### RECORDED DATA
_ _ _
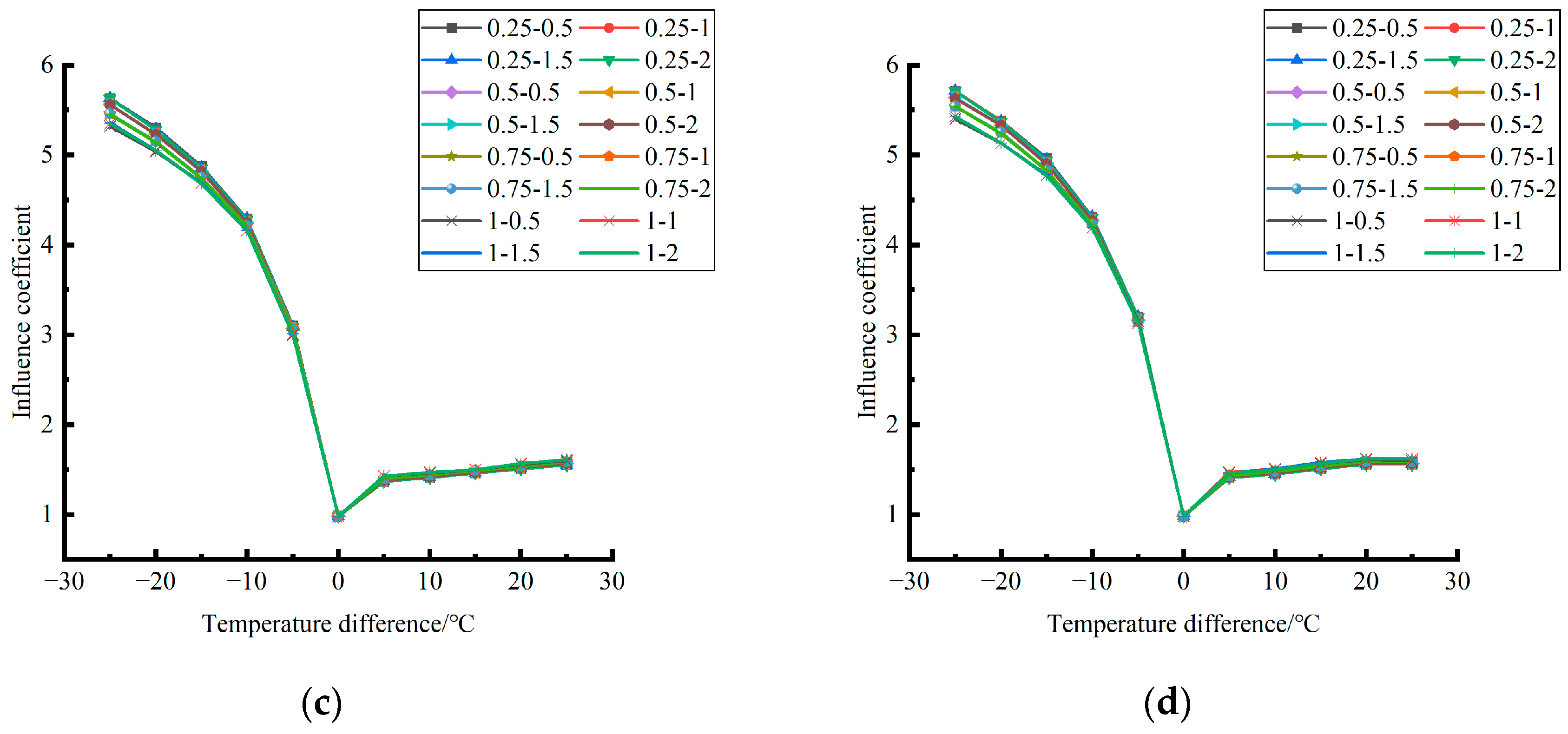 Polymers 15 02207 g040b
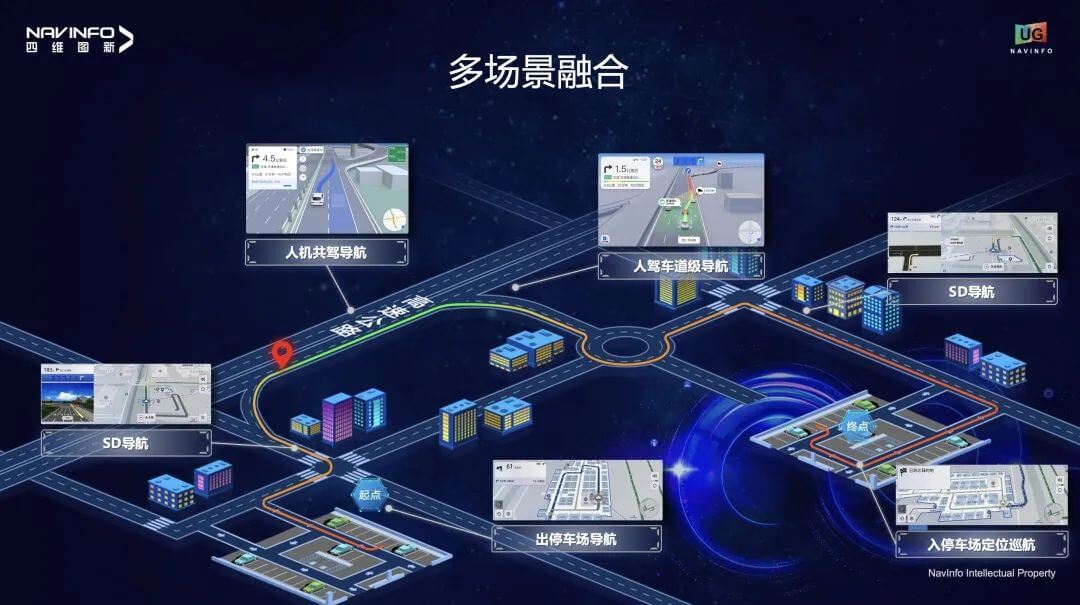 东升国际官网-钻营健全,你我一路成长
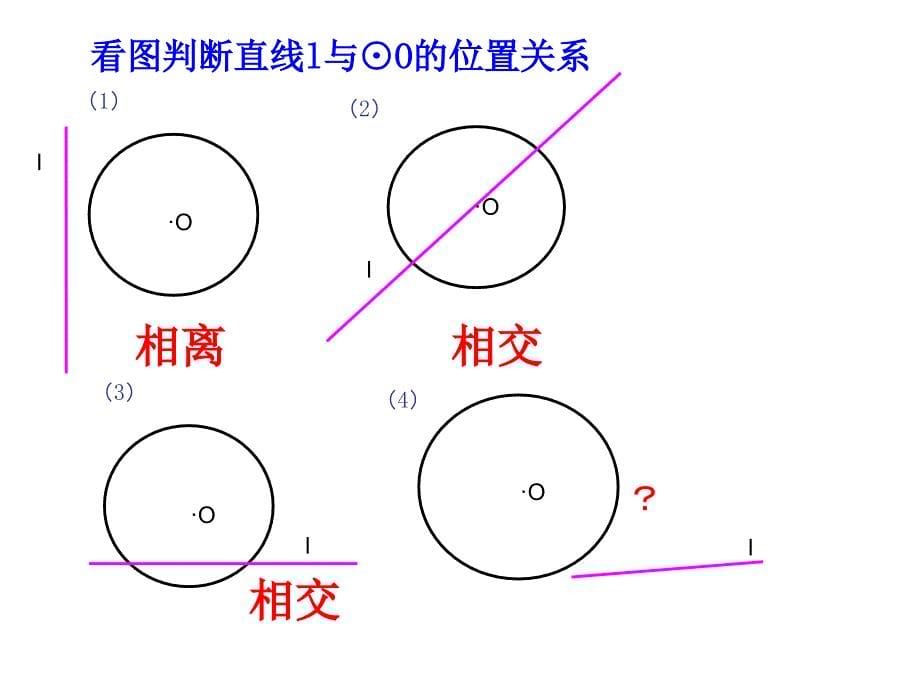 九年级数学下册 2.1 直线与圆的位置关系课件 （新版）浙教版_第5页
_ _ _
### YOUR ASSIGNMENT
Set down the material above word for word and skip its pictures.

### COMPLETED EXERCISE
 Polymers 15 02207 g040b
 东升国际官网-钻营健全,你我一路成长
 九年级数学下册 2.1 直线与圆的位置关系课件 （新版）浙教版_第5页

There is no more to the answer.